> Task
In the listing below, the answer starts at the line that has "policy makers on the steps of a courthouse" and stops after the line that has "799 - A vintage"; please repeat that part exactly and nothing more.

> Material provided
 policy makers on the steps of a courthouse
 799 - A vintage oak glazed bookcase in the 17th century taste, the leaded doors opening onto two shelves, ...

...

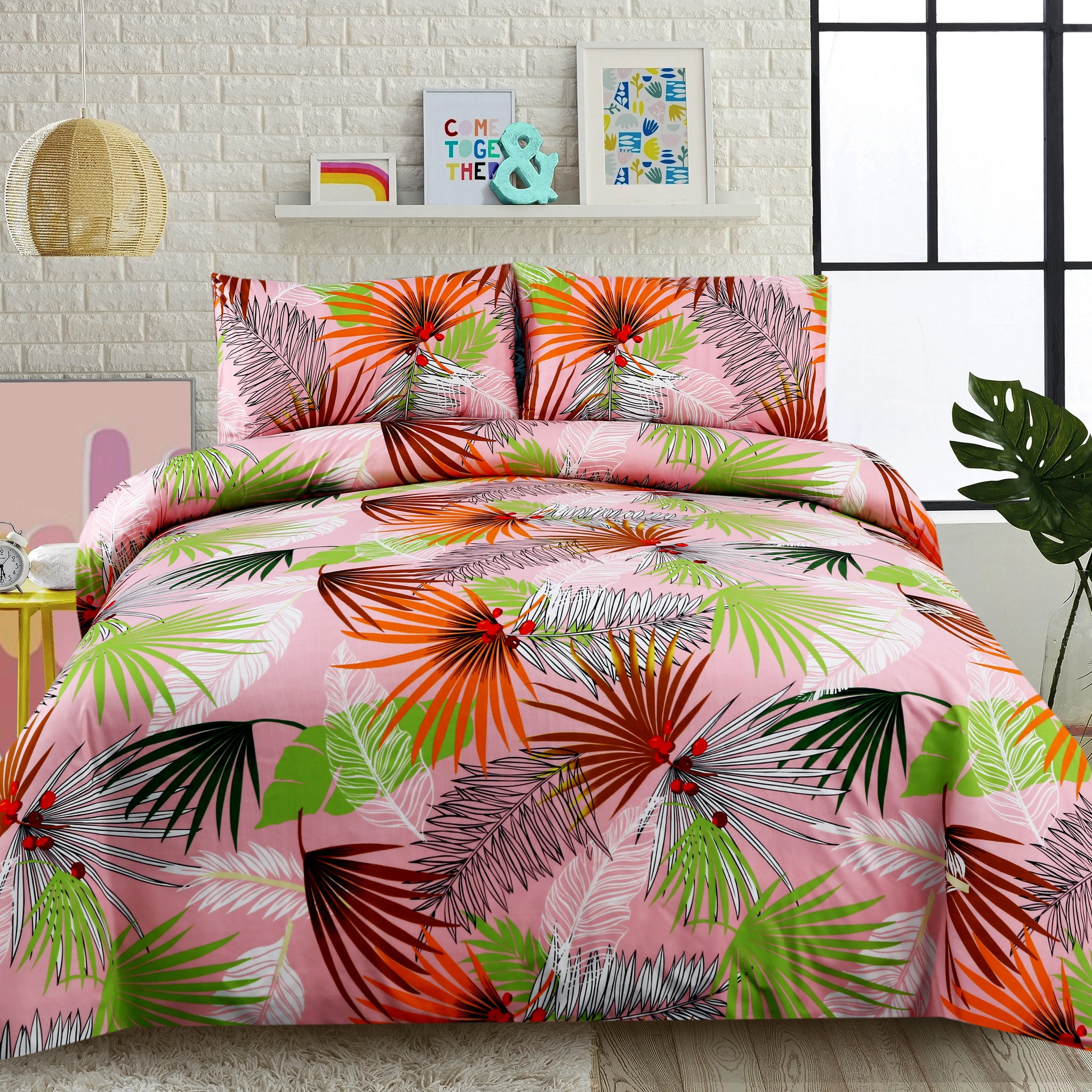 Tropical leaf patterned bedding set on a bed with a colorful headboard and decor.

--

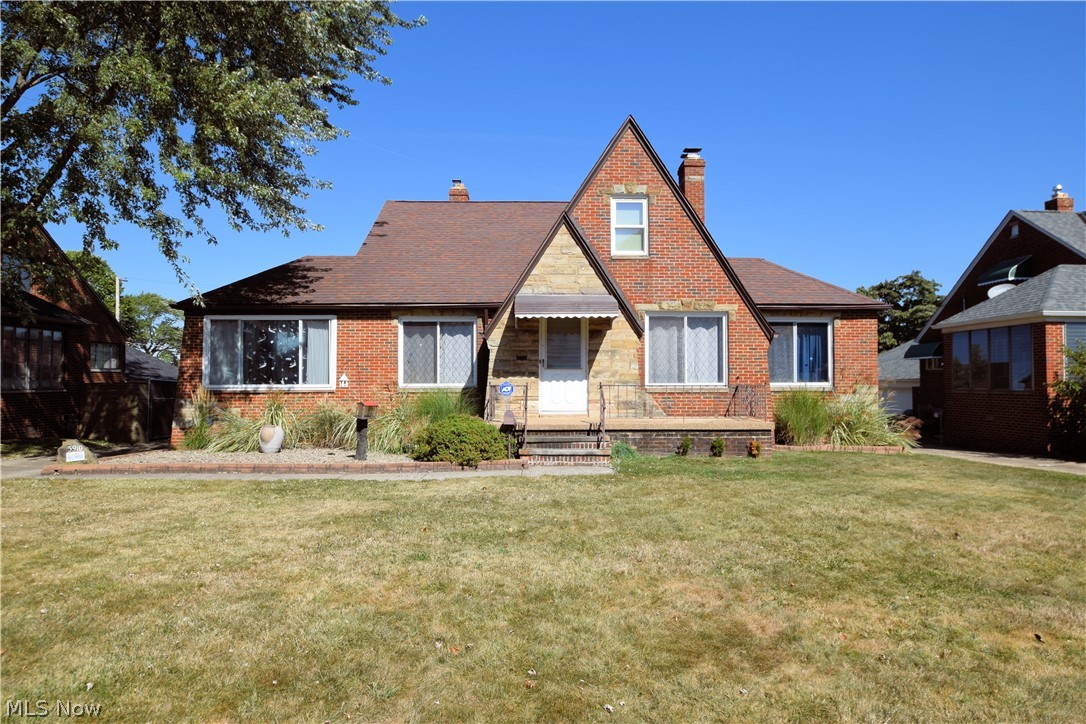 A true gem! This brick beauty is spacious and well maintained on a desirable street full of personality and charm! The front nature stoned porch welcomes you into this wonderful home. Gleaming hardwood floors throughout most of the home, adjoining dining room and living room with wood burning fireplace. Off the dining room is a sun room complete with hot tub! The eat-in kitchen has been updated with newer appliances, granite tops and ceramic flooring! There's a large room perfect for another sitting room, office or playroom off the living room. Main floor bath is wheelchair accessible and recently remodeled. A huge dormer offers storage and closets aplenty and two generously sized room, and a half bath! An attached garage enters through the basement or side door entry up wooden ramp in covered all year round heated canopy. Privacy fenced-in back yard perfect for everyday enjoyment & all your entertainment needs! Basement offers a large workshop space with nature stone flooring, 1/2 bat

> Response
 policy makers on the steps of a courthouse
 799 - A vintage oak glazed bookcase in the 17th century taste, the leaded doors opening onto two shelves, ...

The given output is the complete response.